Sebanyak 4.000 orang yang telah membaca postingan tersebut. Akibatnya, warga setempat menjadi resah. Padahal kabar tersebut ia dapatkan dari saudaranya. Karena kebenaraannya tidak bisa dibuktikan, akhirnya polisi mengamankan ibu tersebut atas dugaan penyebaran berita bohong.
Hoax tidak hanya disebarkan oleh masyarakat sipil saja. Politikus juga sering menyebarkan berita bohong. Salah satu contoh paling populer adalah Donald Trump. Pada 2017, Trump dianugrahi penghargaan Lie of The Year 2017. Gelar tersebut sangat cocok disematkan kepadanya, mengingat Trump banyak menyebarkan berita palsu.
Belum tiga tahun menjabat sebagai presiden, menurut catatan The Washington Post Fact Checker, Trump telah mengutarakan 10.000 hoax. Saking seringnya ia menyebarkan klaim-klaim palsu, pada 26 Mei 2020 Twitter memberikan tanda berita bohong pada cuitan Trump.
Dikutip dari Suara.com, untuk pertama kalinya posting-an Trump mendapat tanda khusus di bawah kicauannya dengan tulisan “Get the fact about the mail-in-ballots”. Pasalnya, ia menuduh pengiriman surat suara menggunakan mail-in ballots atau pos akan menimbulkan kecurangan untuk pemilihan presiden nanti.
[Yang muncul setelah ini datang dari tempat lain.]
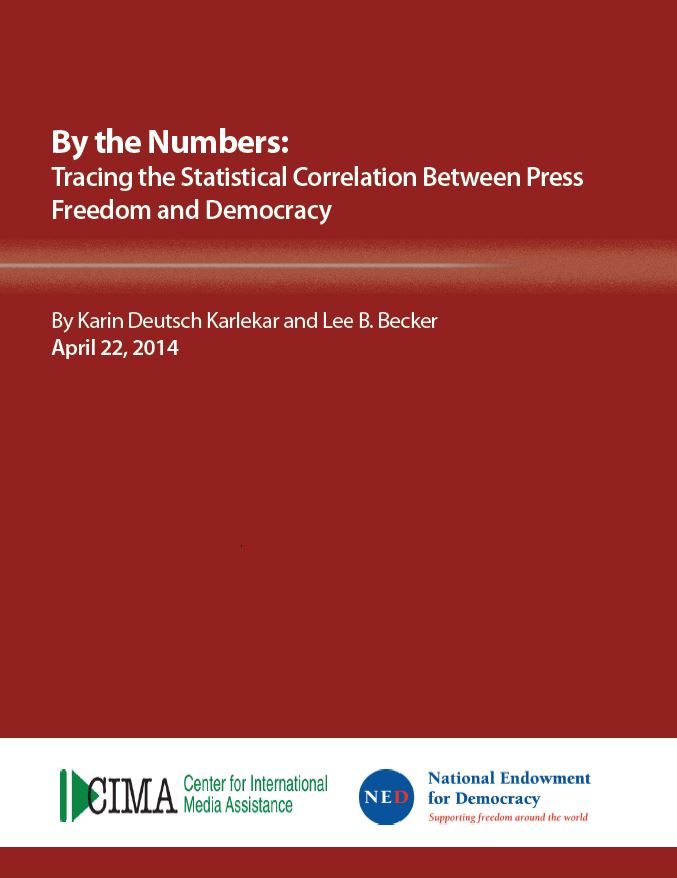 Center for International Media Assistance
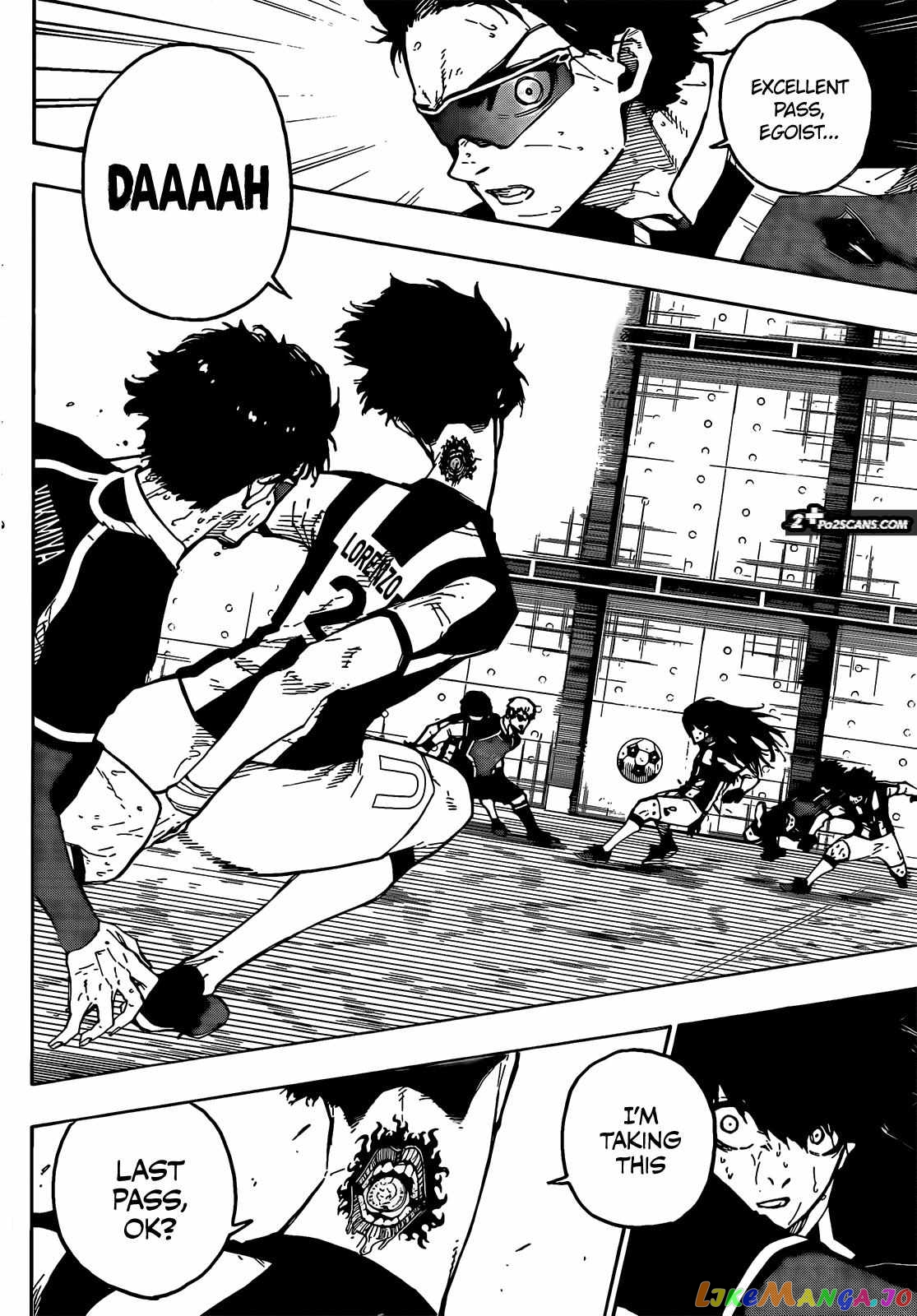 Read Blue Lock manga online Manga Online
Mengapa Post-Truth Bisa Merebak di Masyarakat?
Sebuah studi yang dilakukan oleh peneliti Massachusetts Institute of Technology (MIT) mengungkapkan bahwa berita bohong 70% lebih banyak disebarkan melalui twitter. Menariknya studi ini menemukan fenomena yang baru. Alih-alih berita palsu disebarluaskan oleh bot, hoax ternyata lebih cepat menyebar karena pengguna twitter ramai-ramai meritwitnya.
Menurut Gordon Pennycook dari Yale University dalam jurnalnya yang berjudul “Running Head: Prior Exposure and Fake News” alasan berita bohong mudah dikonsumsi orang karena rendahnya kemampuan berpikir analitik. Banyak orang hanya membaca judul berita atau membaca beritanya namun langsung pada point yang ingin diketahuinya.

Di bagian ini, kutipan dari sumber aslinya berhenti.